Of course, some of that will stem from doubts about just how good the 2012 edition was in the first place. Early on, the Buckeyes struggled to put away a 16-point underdog, Cal, in a game tied with less than four minutes to play; the following week, it was well into the fourth quarter before they managed to close the door against UAB. In conference play, they gave up 49 points in an uncomfortably close call at Indiana, barely escaped an upset bid by Purdue in overtime and also needed OT to get past Wisconsin. It was a young, flawed team, besieged by injuries on defense, which allowed more yards (360) and points (22.8) per game than any OSU team since the turn of the century. The Buckeyes did not defeat an elite opponent and won six games by a touchdown or less.

But that doesn't change the fact that a) Ohio State was the best team in a watered-down Big Ten by an unusually wide margin, or b) It returns the best player in the league, Braxton Miller, who has only begun to tap his potential in Meyer's system. Effective as he was last year in the role of a glorified tailback, churning out a team-high 1,271 rushing yards on just shy of 19 carries per game (including sacks), Miller was far less consistent with his arm, struggling to complete even half of his passes against B1G defenses. For the season, his pass efficiency rating as a sophomore (140.5) barely improved from the 138.4 rating he turned in as a true freshman. Still, there was no trace of the deer-in-the-headlights look that defined his debut, and much to indicate Miller is on the same trajectory as his most obvious doppelgänger in scarlet and gray, Troy Smith, who won the Heisman Trophy a year before it went to Meyer's prize protégé, Tim Tebow. Miller is arguably a better athlete than Smith or Tebow, and on pace to match both as a passer.

Thirteen of 22 starters in the season-ending win over Michigan are scheduled to be back, including Miller, top tailback Carlos Hyde, leading receivers Corey Brown and Devin Smith, four starters on the offensive line and the top four tacklers on defense. That number does not include the blue-chip defensive line haul that highlighted Meyer's first recruiting class, which will be crucial to replacing a pair of All-Big Ten anchors up front, John Simon and Johnathan Hankins, after spending its first season on campus in substantial backup roles. The front seven as a whole is losing all four starters on the line and three of four regulars at linebacker, where sophomore Ryan Shazier was the only constant.

But Meyer has made a habit of building on initial success. In his second year at Utah, the Utes went 11-0 in the regular season, won the Mountain West going away and capped the season with a blowout win in the Fiesta Bowl.
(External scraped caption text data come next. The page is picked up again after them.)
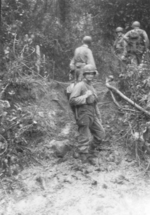 Members of US 5332nd Brigade (Provisional) Bristow Hopper (looking at camera) and Bob Compton (immediately behind), Burma, 1945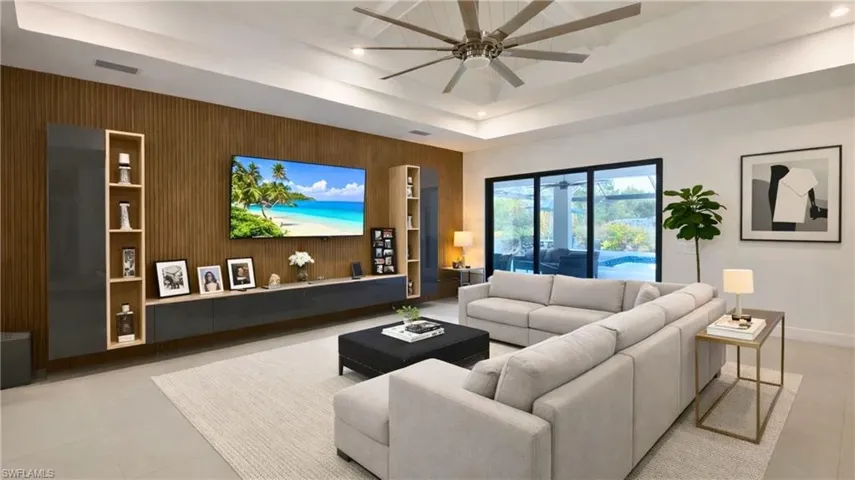 Virtually Staged  Living area featuring a ceiling fan, light tile patterned floors, wooden walls, and a tray ceiling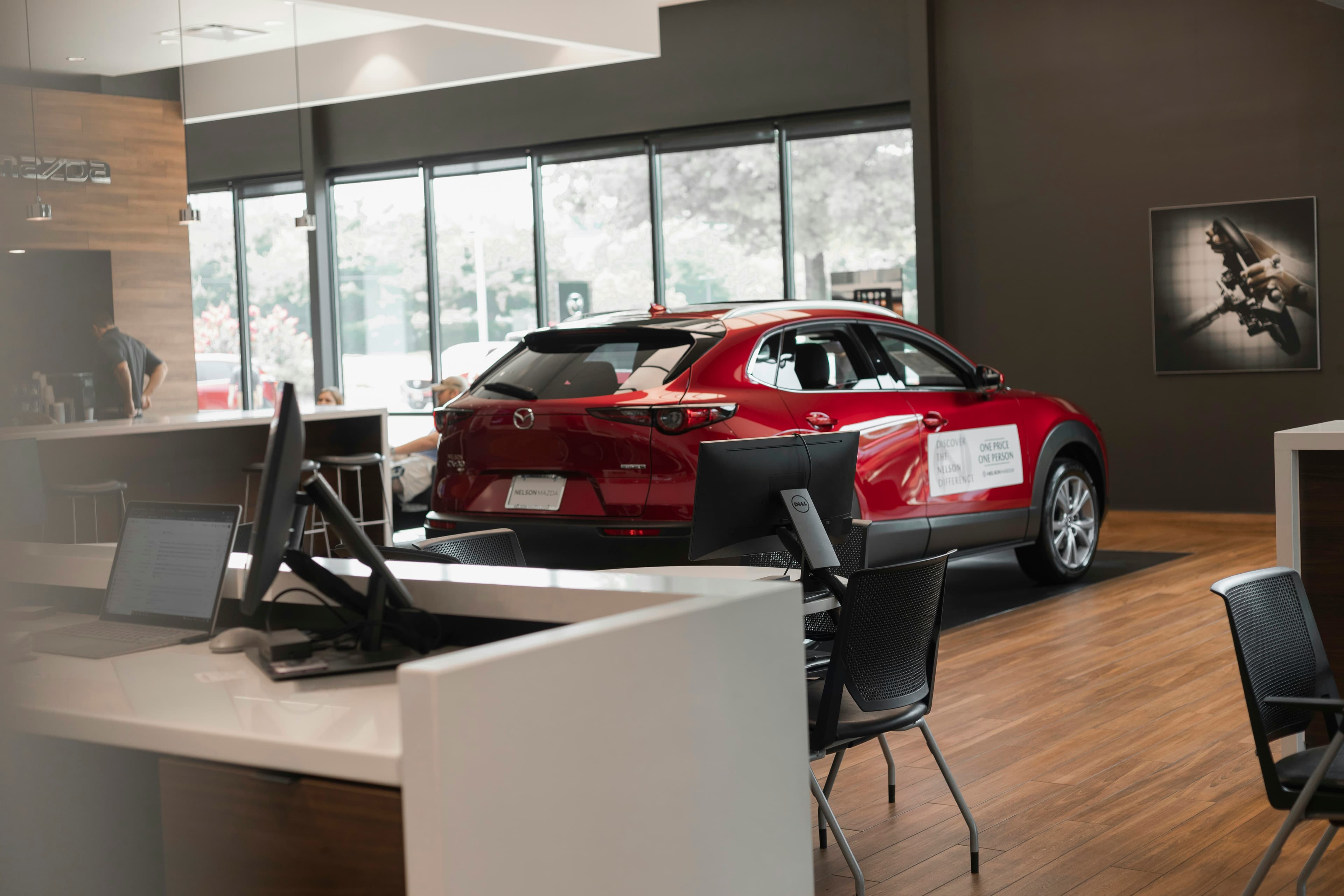Red car on display in a bright showroom
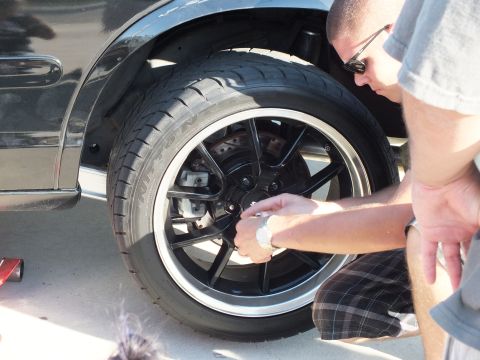 2003 Ford Crown Victoria - Close view of a black five-spoke wheel with machined lip while a person reaches to the center hub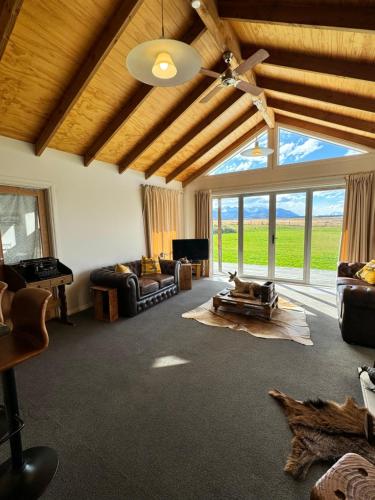 a living room with couches and a ceiling fan at Omahau Down in Lake Pukaki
In his second year at Florida, the Gators won the SEC title and blew out Ohio State in the BCS Championship Game. In his second year at Ohio State, he's going to have a third-year starter tailor-made for his system, against a schedule at least as favorable as the one the Buckeyes just completed.

By the same token, Ohio State will be held to a higher standard, and will not have sanctions, youth or "rebuilding" to fall back on if the encore doesn't go as planned. Meyer wasted no time making OSU his team, successfully relegating both the successes and the rapid collapse of the Jim Tressel era to the rearview mirror. Where the Buckeyes' 14-0 run to the national championship in Tressel's second season caught everyone by surprise -- especially at the end -- Meyer already faces a scenario in which anything less this fall runs the risk of going down as a minor disappointment. Then again, that's exactly the scenario for which he's being paid.